Content starts

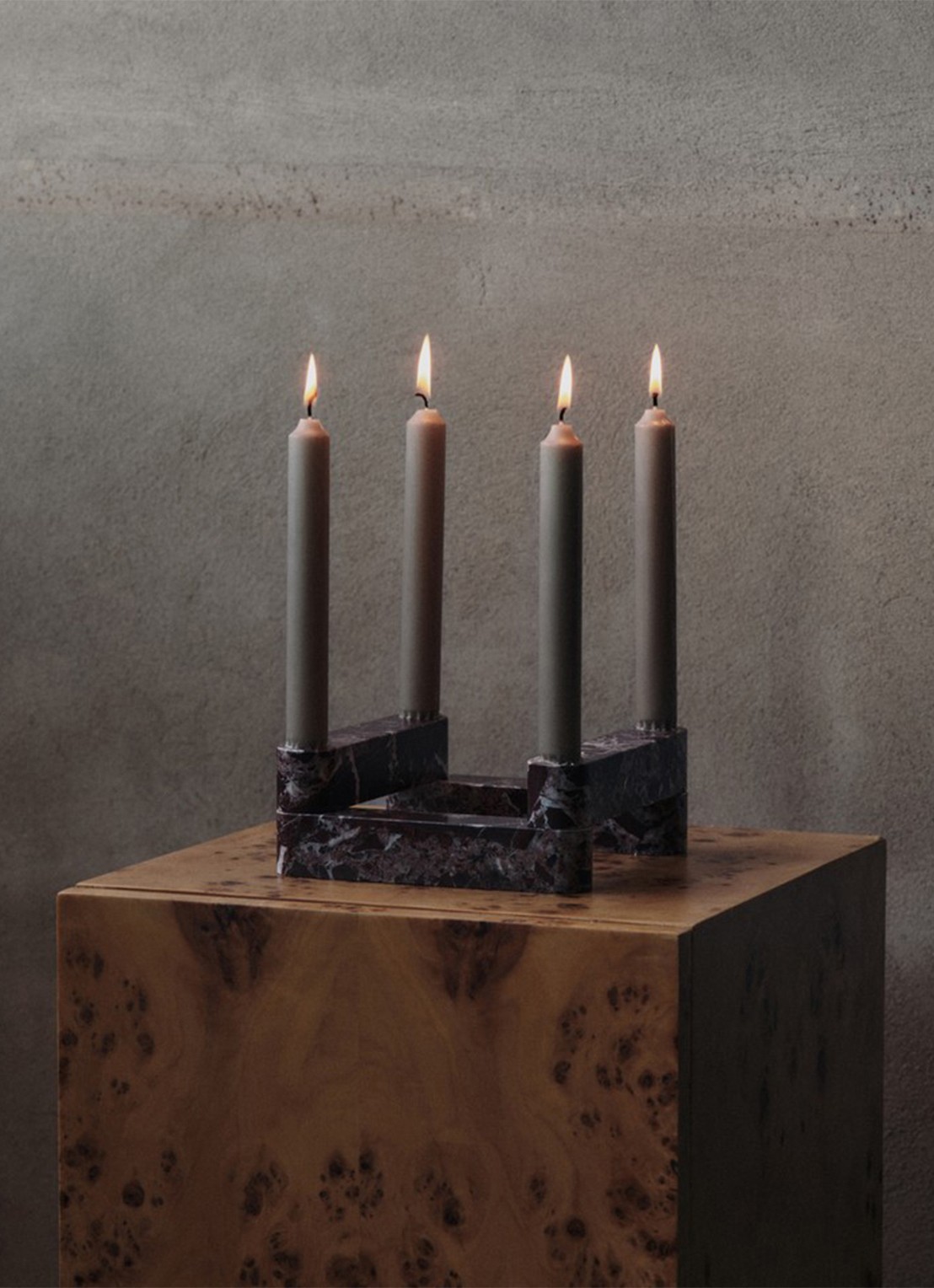 ferm LIVING Sense wierrookhouder inclusief wierrook - detail 4 bordeauxrood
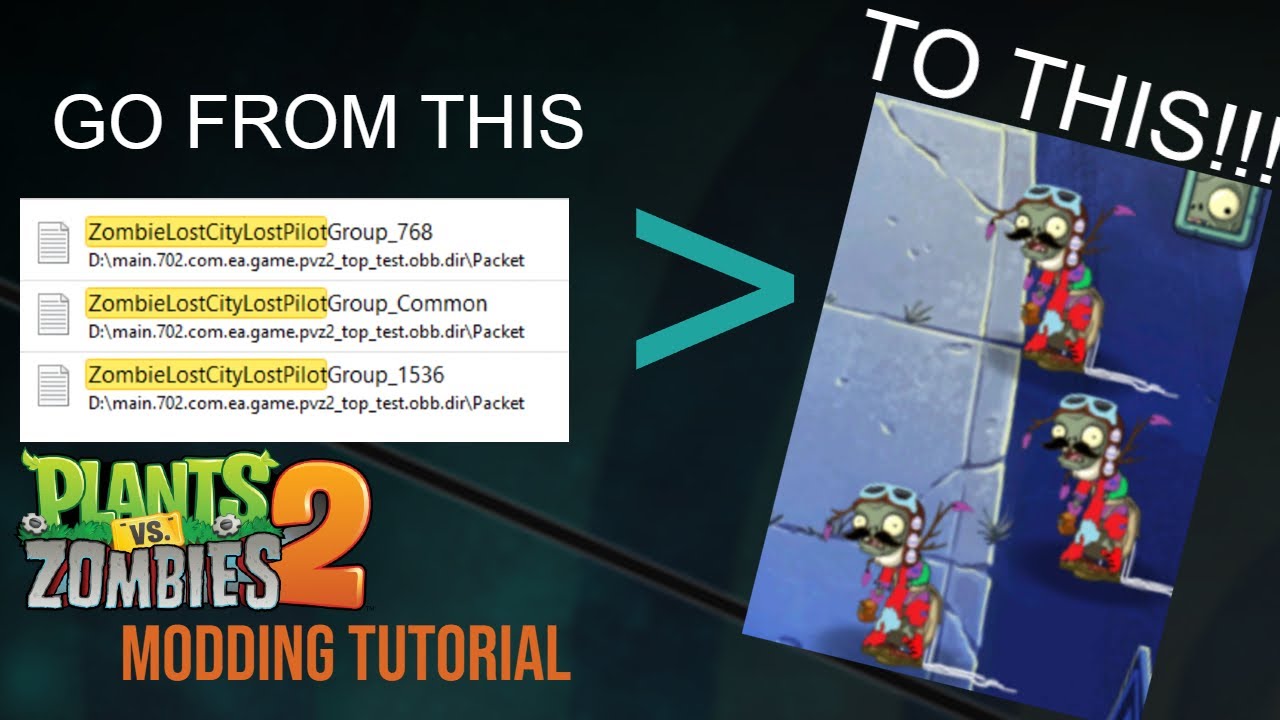 PVZ2 Modding: How to add your OWN ZOMBIE to the game using SPCUtil and SEN!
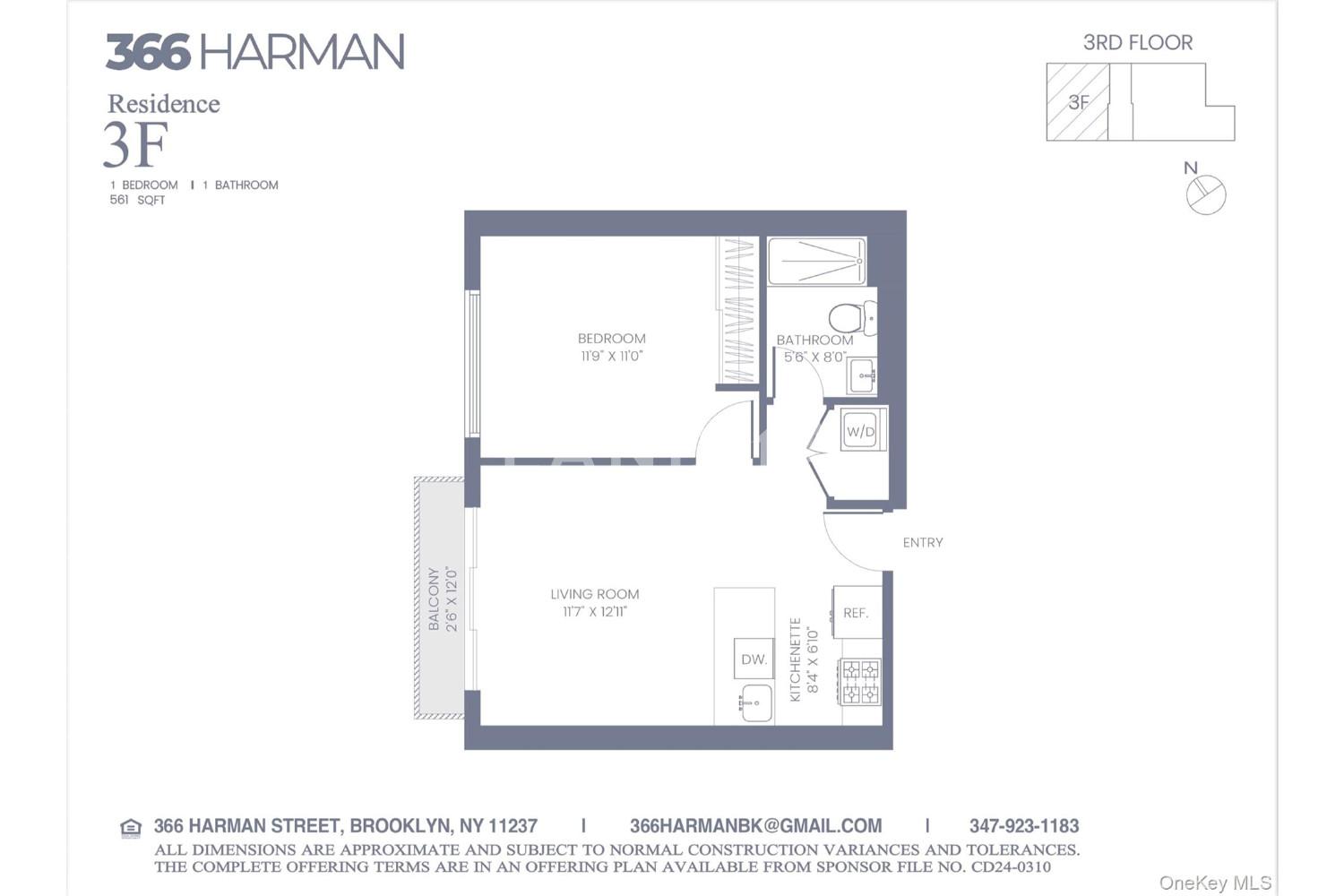 366 Harman Street Unit 3F 官网图片 23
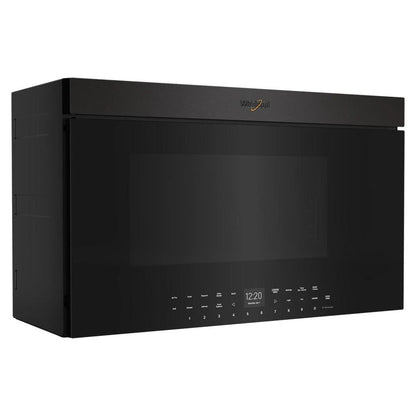 Air Fry Over- The-Range Oven With Flush Built-In Design - Black Stainless Finish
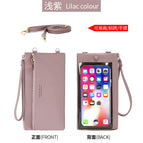 2022 new touch screen mobile phone bag women's bag mini diagonal small bag light change mobile phone bag clutch bag QB319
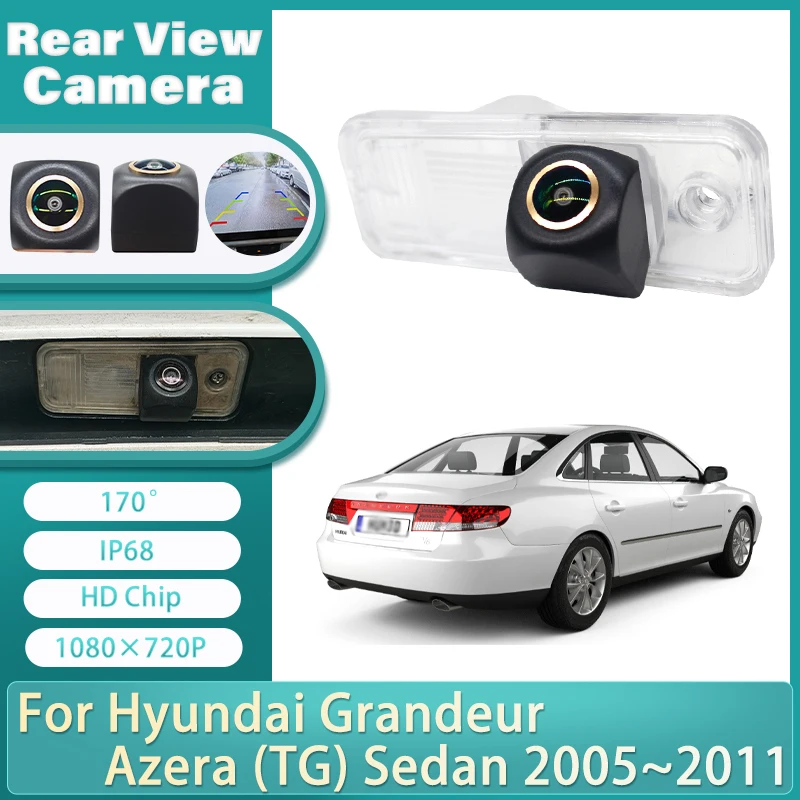 CCD HD 170°Fisheye Rear View Camera For Hyundai Grandeur Azera (TG) Sedan 2005 2006 2007 2008 2009 2010 2011 Car Parking Monitor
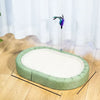 Vertical Sisal Cat Scratching Post with Integrated Climbing Features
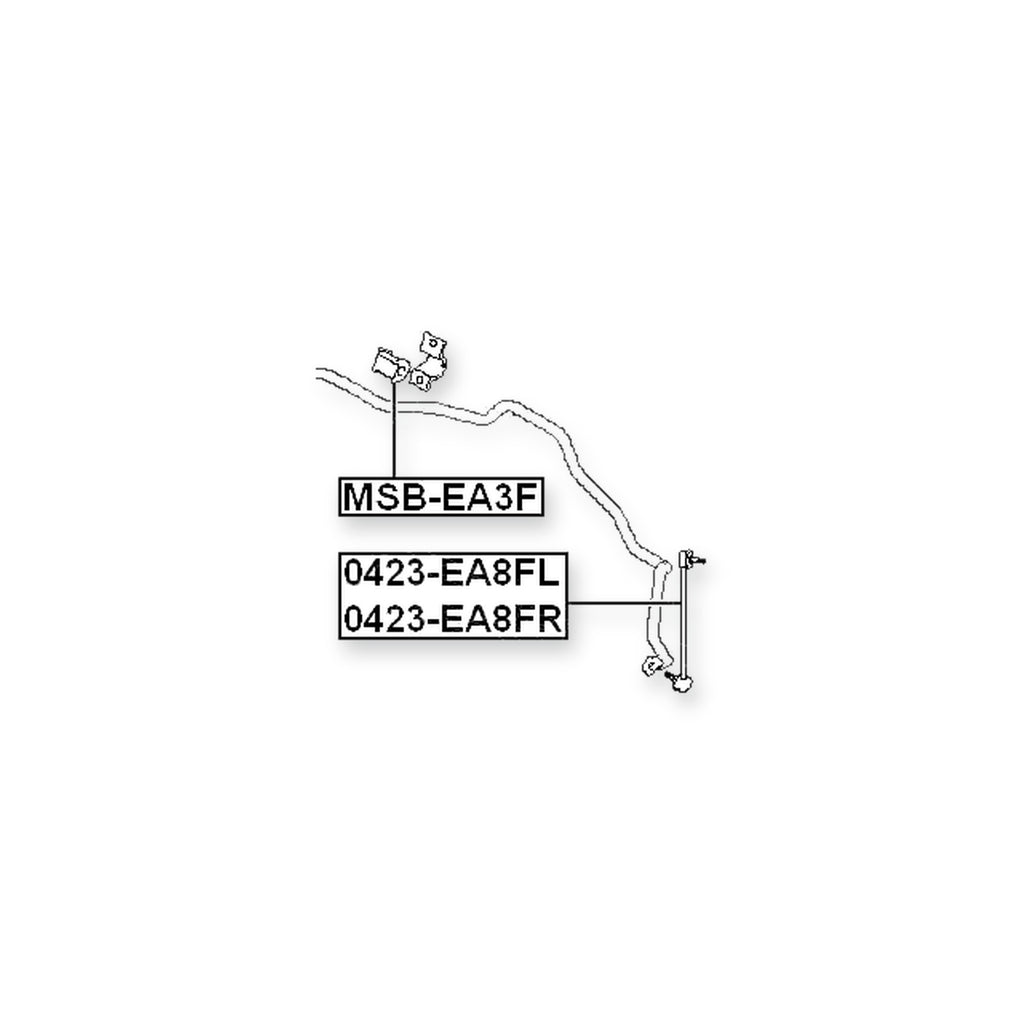 Mitsubishi Eclipse Front Right Sway Bar Link & More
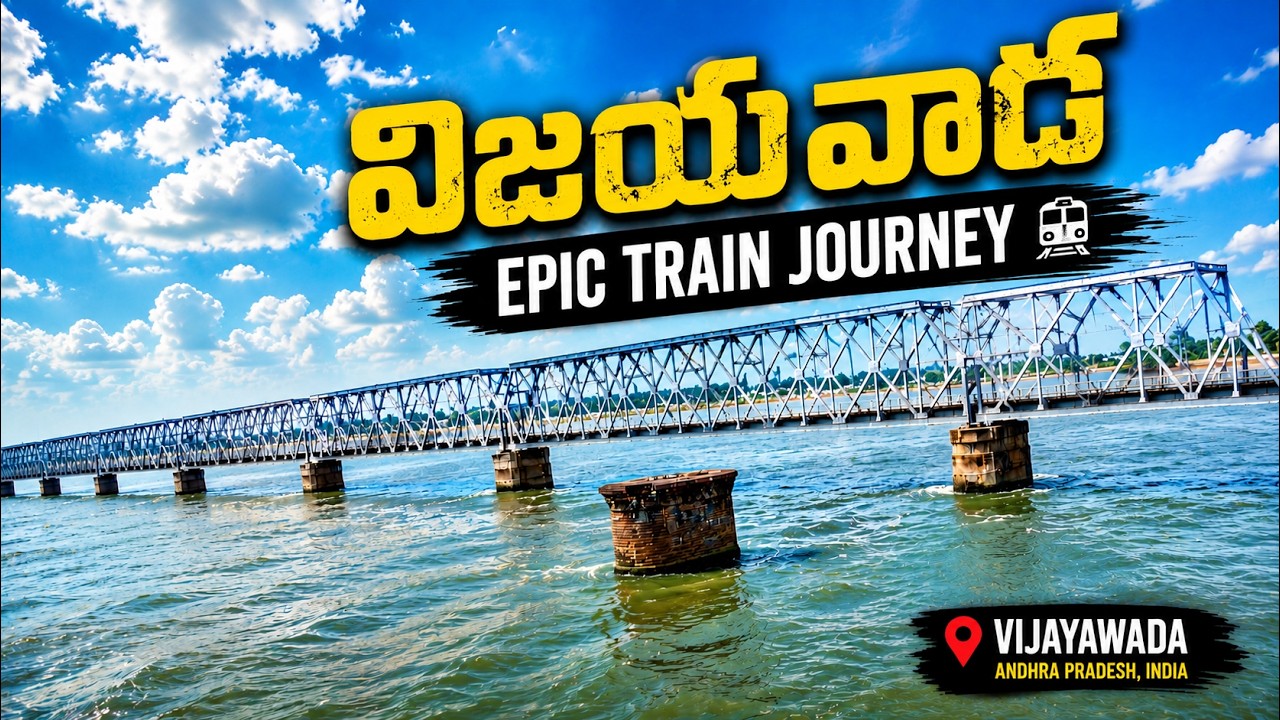 Train Journey India | Incredible Godavari Bridge Views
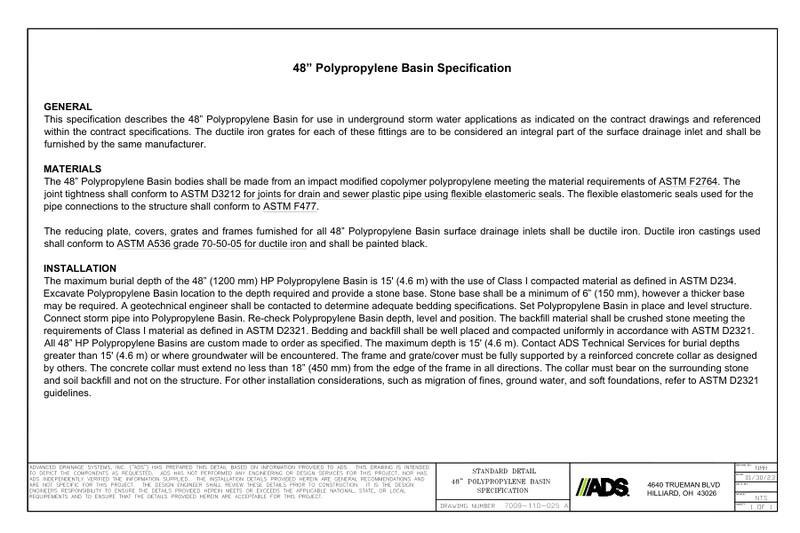 HP Manhole Details Submittal Package
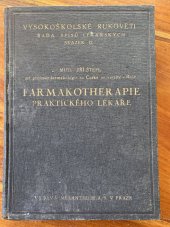 kniha Farmakotherapie praktického lékaře, Melantrich 1941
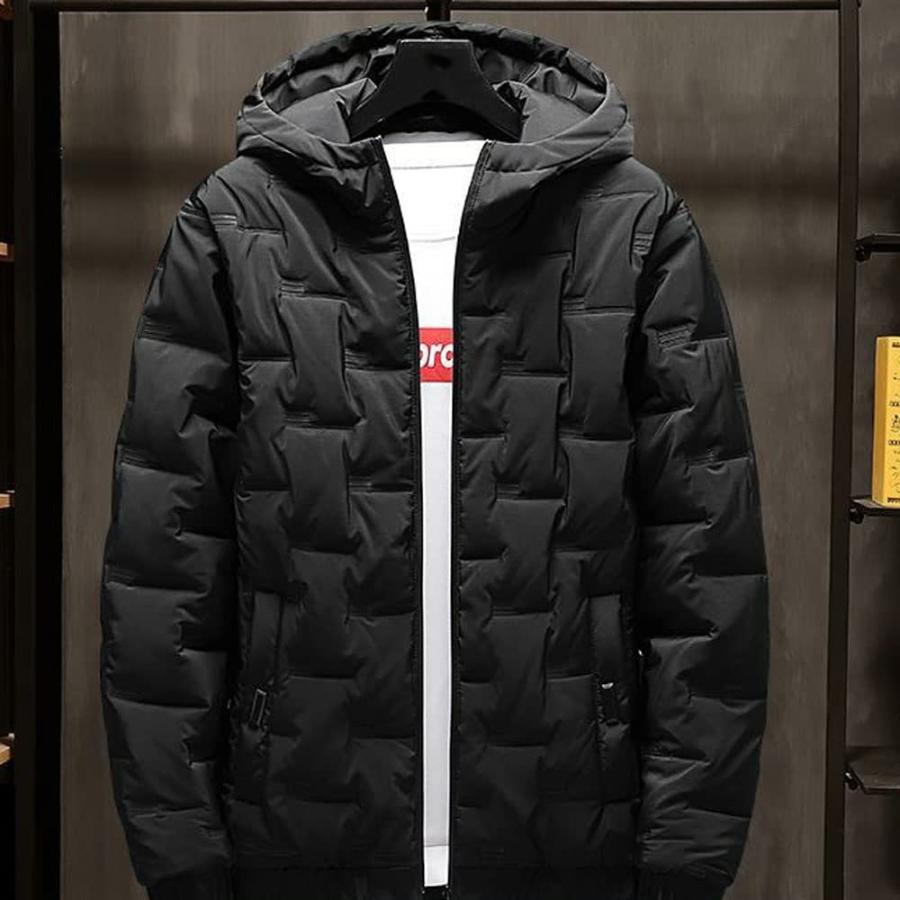 【並行輸入品】WPYYI Men's Winter Hooded Jacket Coat Casual Thicken Warm Outweaの画像
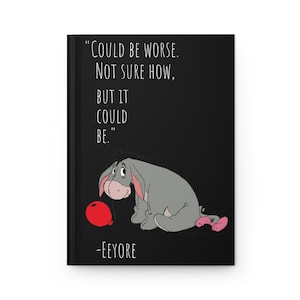 Carnet personnalisé mat Bourriquet à couverture rigide pour les amateurs de livres, finition mate élégante, reliure papier cartonné avec 150 pages lignées
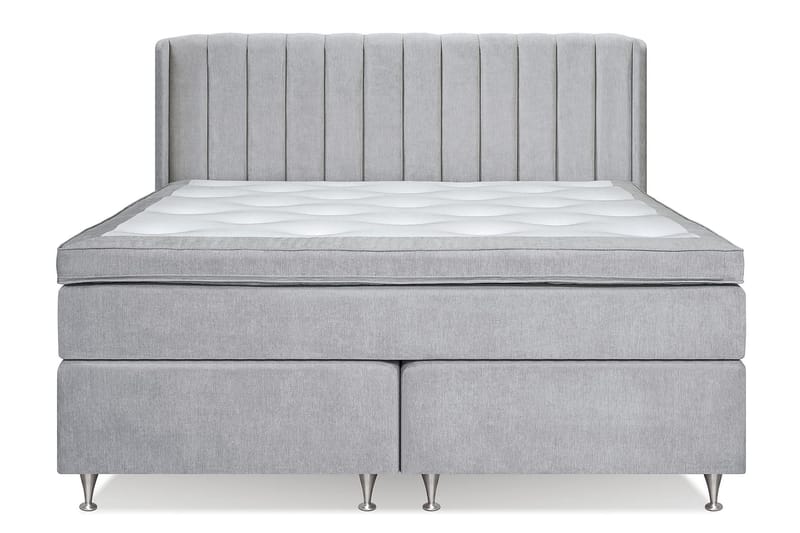 Sängpaket Paraiso Kontinentalsäng Fast/Medium - 180x200 cm Ljusgrå (+Fler val) - Kontinentalsäng - Komplett sängpaket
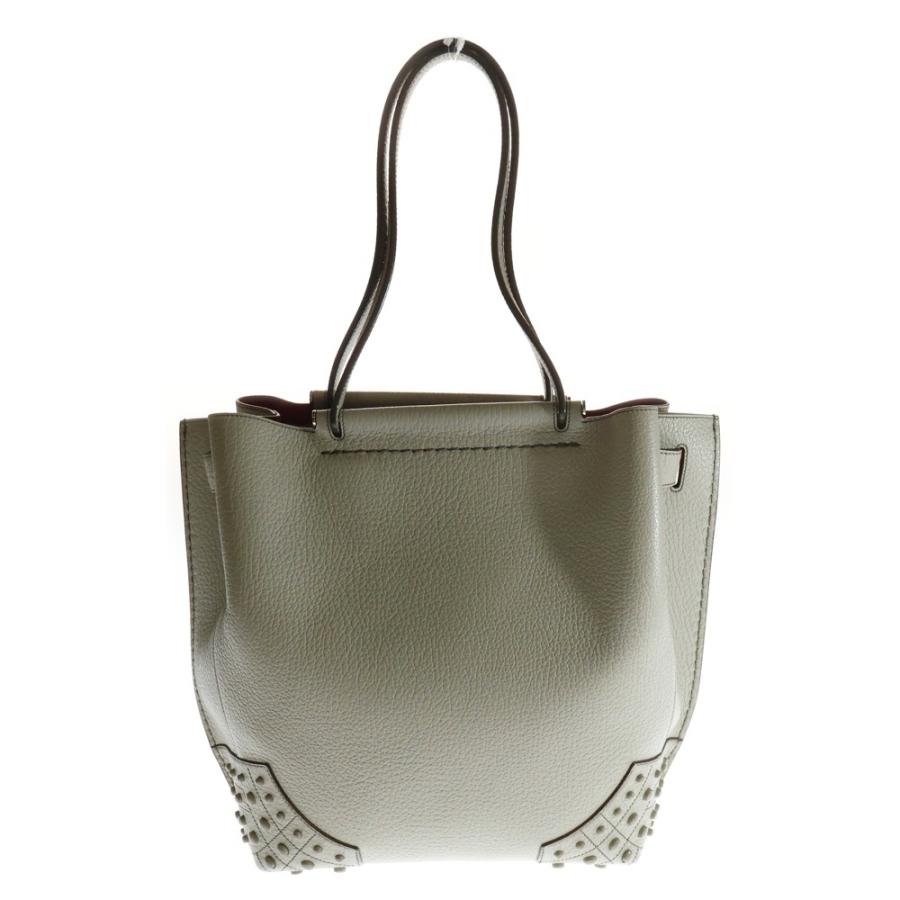 TOD'S（トッズ） ウェーブトートバッグ ハンドバッグ グレージュ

Content ends

Problem to solve. Set down, word for word, only the lines running from the line with "HP Manhole Details Submittal Package" through the final line of the entries above, omitting all pictures.

Reply to the task.
 HP Manhole Details Submittal Package
 kniha Farmakotherapie praktického lékaře, Melantrich 1941
 【並行輸入品】WPYYI Men's Winter Hooded Jacket Coat Casual Thicken Warm Outweaの画像
 Carnet personnalisé mat Bourriquet à couverture rigide pour les amateurs de livres, finition mate élégante, reliure papier cartonné avec 150 pages lignées
 Sängpaket Paraiso Kontinentalsäng Fast/Medium - 180x200 cm Ljusgrå (+Fler val) - Kontinentalsäng - Komplett sängpaket
 TOD'S（トッズ） ウェーブトートバッグ ハンドバッグ グレージュ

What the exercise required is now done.